A new paper written by Dr. Schwarz, a professor of media and communications at the Free University of Berlin, critiques the concept of resilience in psychology and psychiatry for putting forth the message that pathology and wellness occur at the individual level. This is risky, Schwarz argues, as it places a focus on fixing individuals rather than flawed social systems.
“Due to a decontextualizing tendency in Western mainstream psychologies, the concept of resilience may be at risk of reproducing power imbalances and discrimination within our society,” Schwarz argues.
Following a critical analysis of the term’s history, Schwarz pushes for a contextual model of resilience that seeks to address power imbalances, neoliberal economics, and discrimination, rather than aide in their oppressive reproduction.
“Only with this contextualized understanding of resilience, power differentials that account for an unequal distribution of health resources within our society become visible,” she adds.
Before the 1990s, psychology and psychiatry focused primarily on experiences of trauma and adversity that led to an individual’s suffering and difficulty in functioning. Later, the focus shifted with the recognition that people respond to trauma in diverse ways, and in many cases, they respond positively, writes Schwarz. Indeed, research by Dr. Bonnano at Columbia University demonstrates that only a small percentage of individuals who have experienced traumatic events go on to suffer from a severely disabling condition.

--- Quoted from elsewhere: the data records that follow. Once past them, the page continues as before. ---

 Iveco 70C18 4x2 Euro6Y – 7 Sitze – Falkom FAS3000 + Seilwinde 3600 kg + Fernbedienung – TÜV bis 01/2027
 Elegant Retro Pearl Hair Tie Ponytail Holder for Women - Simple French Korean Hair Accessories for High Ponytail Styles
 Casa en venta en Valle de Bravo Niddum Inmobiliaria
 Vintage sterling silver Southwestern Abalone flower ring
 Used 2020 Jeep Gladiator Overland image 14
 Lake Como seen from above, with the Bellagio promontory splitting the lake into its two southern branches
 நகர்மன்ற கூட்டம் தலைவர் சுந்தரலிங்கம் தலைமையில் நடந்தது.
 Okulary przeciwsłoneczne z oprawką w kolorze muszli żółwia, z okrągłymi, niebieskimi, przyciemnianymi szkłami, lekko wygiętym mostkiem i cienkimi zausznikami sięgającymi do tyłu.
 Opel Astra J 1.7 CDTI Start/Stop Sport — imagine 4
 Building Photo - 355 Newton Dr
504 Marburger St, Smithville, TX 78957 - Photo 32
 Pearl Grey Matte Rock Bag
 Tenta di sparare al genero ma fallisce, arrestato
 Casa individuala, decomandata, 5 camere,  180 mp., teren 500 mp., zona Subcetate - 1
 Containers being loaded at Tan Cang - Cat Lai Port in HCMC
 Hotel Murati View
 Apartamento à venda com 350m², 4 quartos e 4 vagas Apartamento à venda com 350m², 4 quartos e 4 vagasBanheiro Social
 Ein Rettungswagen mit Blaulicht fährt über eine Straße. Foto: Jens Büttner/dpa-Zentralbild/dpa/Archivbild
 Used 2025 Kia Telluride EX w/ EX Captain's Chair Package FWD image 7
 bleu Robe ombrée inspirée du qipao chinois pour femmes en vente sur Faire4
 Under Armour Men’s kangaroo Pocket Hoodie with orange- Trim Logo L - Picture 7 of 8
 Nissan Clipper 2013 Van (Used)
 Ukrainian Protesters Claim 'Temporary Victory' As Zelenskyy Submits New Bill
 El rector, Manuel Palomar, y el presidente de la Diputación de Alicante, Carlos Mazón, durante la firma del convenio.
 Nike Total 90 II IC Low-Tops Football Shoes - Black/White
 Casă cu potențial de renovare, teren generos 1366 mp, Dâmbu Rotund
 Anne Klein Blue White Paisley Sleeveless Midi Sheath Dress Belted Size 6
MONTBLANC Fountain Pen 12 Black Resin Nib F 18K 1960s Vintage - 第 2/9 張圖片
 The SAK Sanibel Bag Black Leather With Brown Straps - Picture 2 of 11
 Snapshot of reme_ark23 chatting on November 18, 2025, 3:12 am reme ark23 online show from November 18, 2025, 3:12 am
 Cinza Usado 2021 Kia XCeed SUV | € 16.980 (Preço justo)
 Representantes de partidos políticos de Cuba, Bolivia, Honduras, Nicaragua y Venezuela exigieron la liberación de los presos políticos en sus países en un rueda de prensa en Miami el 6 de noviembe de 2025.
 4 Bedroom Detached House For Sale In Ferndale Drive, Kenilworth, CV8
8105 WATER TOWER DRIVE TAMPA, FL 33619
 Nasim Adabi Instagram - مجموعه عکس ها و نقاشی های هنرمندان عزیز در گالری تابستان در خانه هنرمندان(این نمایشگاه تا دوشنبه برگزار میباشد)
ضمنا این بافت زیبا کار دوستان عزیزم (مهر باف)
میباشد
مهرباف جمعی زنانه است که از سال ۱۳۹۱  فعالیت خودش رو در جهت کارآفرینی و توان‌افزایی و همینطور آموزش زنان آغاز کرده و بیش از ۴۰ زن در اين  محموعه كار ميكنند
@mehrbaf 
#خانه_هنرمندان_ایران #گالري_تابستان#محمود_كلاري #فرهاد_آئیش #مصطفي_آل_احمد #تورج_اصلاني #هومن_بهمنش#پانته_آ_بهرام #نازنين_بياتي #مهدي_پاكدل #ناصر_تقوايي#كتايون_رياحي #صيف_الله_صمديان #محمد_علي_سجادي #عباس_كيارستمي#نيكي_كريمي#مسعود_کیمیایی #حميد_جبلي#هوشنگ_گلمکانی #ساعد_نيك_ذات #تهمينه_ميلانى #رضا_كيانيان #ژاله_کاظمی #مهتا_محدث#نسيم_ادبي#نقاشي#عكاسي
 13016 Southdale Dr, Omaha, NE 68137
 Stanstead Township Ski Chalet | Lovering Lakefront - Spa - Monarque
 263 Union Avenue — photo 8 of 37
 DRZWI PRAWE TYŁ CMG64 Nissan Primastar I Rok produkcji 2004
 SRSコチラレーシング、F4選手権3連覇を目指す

This focus on strength, adaptivity, and resilience, rather than risk and pathology, can interfere in a mental health market that revolves around treatment. Schwarz underscores the influence of the Western world’s neoliberal system, which pervasively shapes what resilience means. In a system that prioritizes individualism, commodification, and commercialization, resilience becomes an asset that promises a better life and a commodity worth buying and maintaining. As such, people grow less invested in connecting to a deep understanding of their problems and more concerned with how to reap the rewards of resilience. Schwarz writes:
“Commodification helps to de-contextualize subjective experiences from their structural embeddedness, from economic and political as well as cultural frameworks. It disconnects people from the possibilities they already possess to deal with a problem (referring to constructive as well as destructive coping attempts). Commodification contributes to a hierarchical relationship between a ‘patient’ and a psychiatric professional.”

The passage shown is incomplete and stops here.